## TASK OBJECTIVE:
All of the data should be repeated exactly; pictures are not part of the copy.

## DATASET EXCERPT:
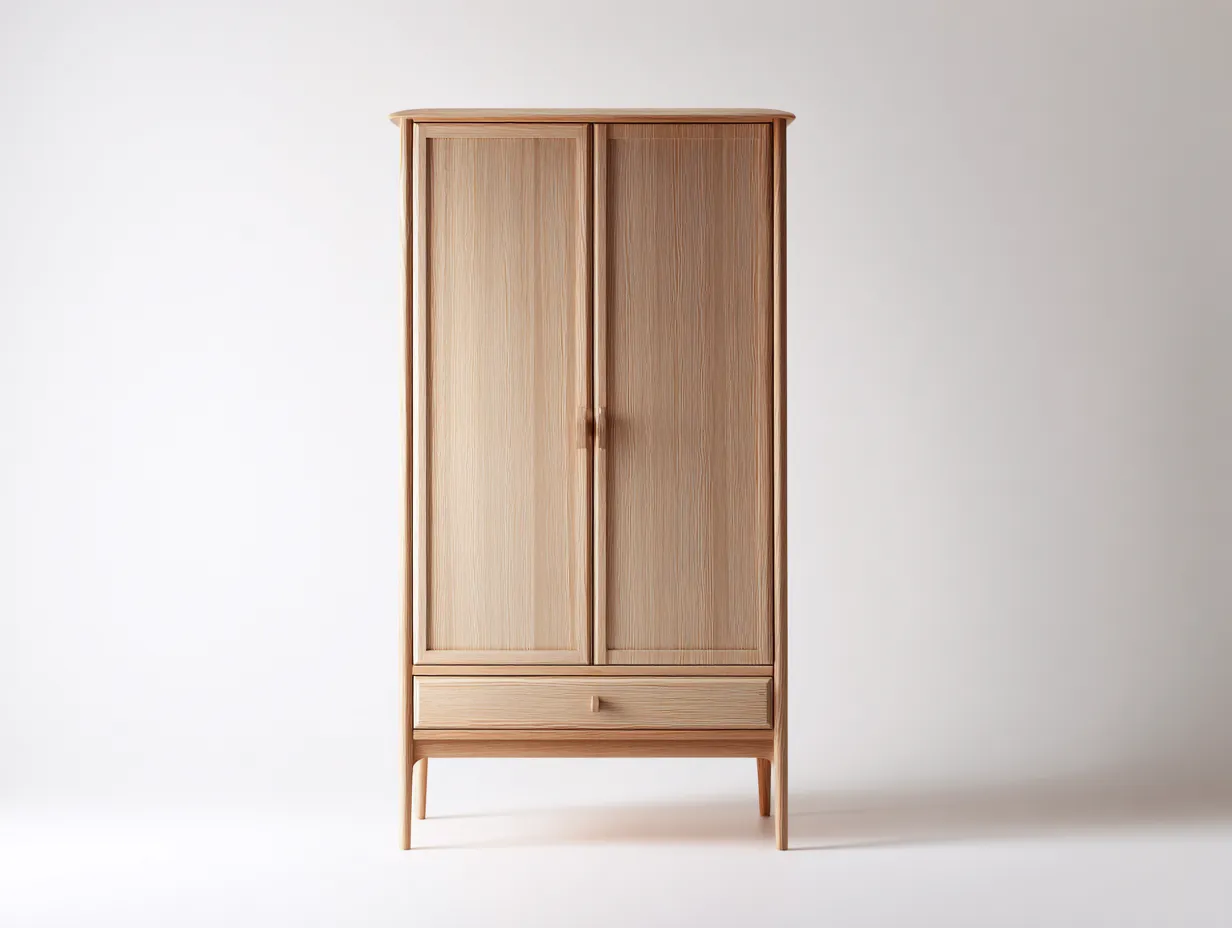 Armoire en bois décor chêne clair 2 portes 1 tiroir 100x55x185 cm - rangement pour chambre - style naturel-Luxegoshop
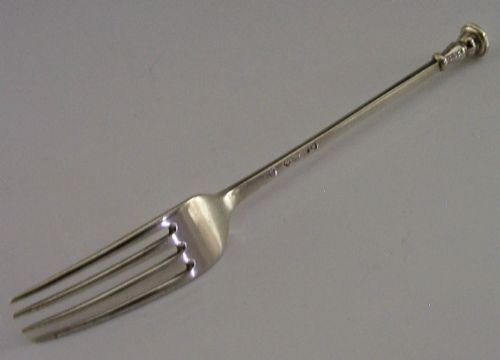 Unusual Antique Sterling Silver Seal Top Family Crested Fork 1860 36g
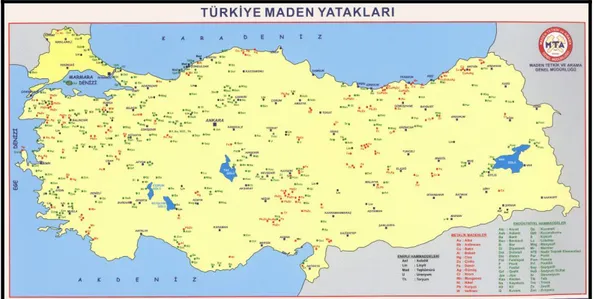 Şekil 1.10. Türkiye Maden Yatakları bölgelerini gösterir harita (MTA, 2000)  1.3. Madencilik Sektörünün Türkiye Ekonomisindeki Yeri 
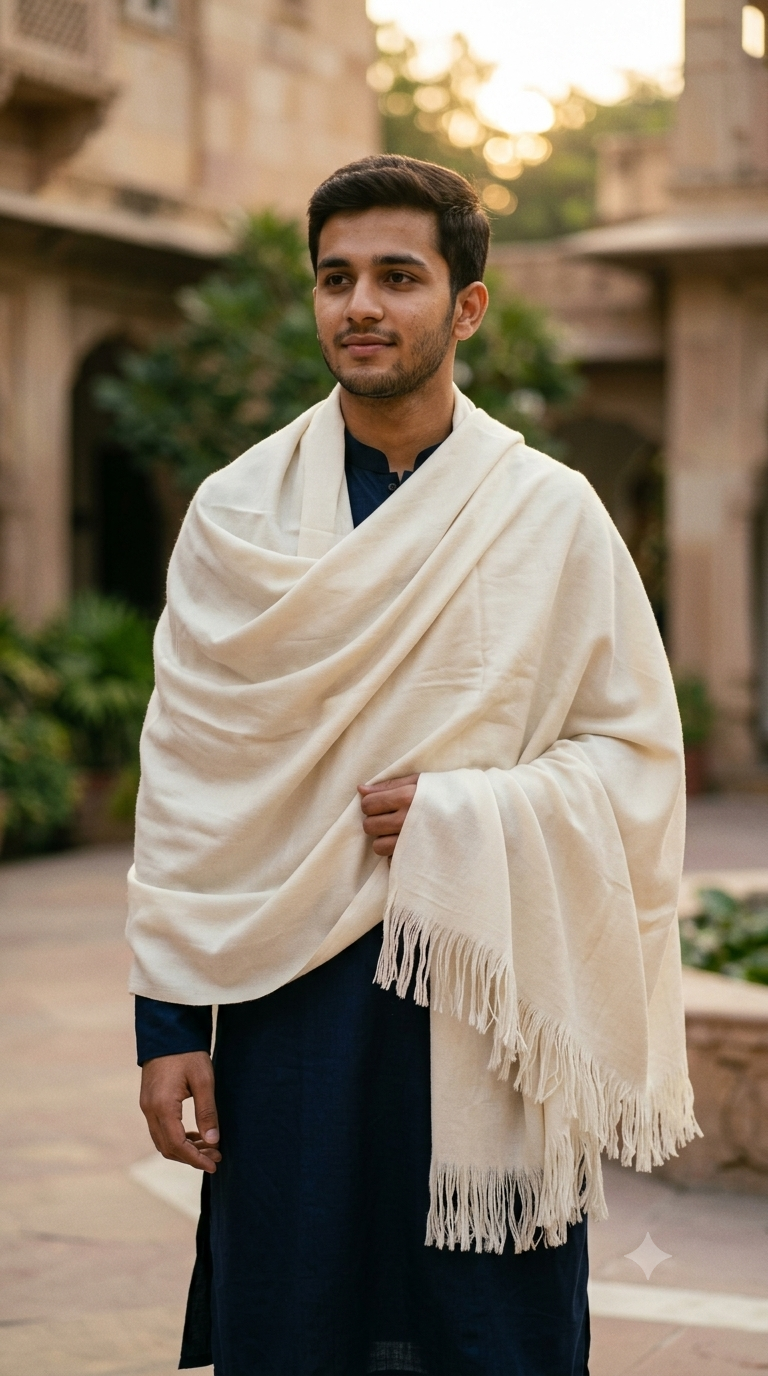 Raymond Woollen Shawl Lohi Shloak Colour Cream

## OUTPUT FOR THIS TASK:
 Armoire en bois décor chêne clair 2 portes 1 tiroir 100x55x185 cm - rangement pour chambre - style naturel-Luxegoshop
 Unusual Antique Sterling Silver Seal Top Family Crested Fork 1860 36g
 Şekil 1.10. Türkiye Maden Yatakları bölgelerini gösterir harita (MTA, 2000)  1.3. Madencilik Sektörünün Türkiye Ekonomisindeki Yeri 
 Raymond Woollen Shawl Lohi Shloak Colour Cream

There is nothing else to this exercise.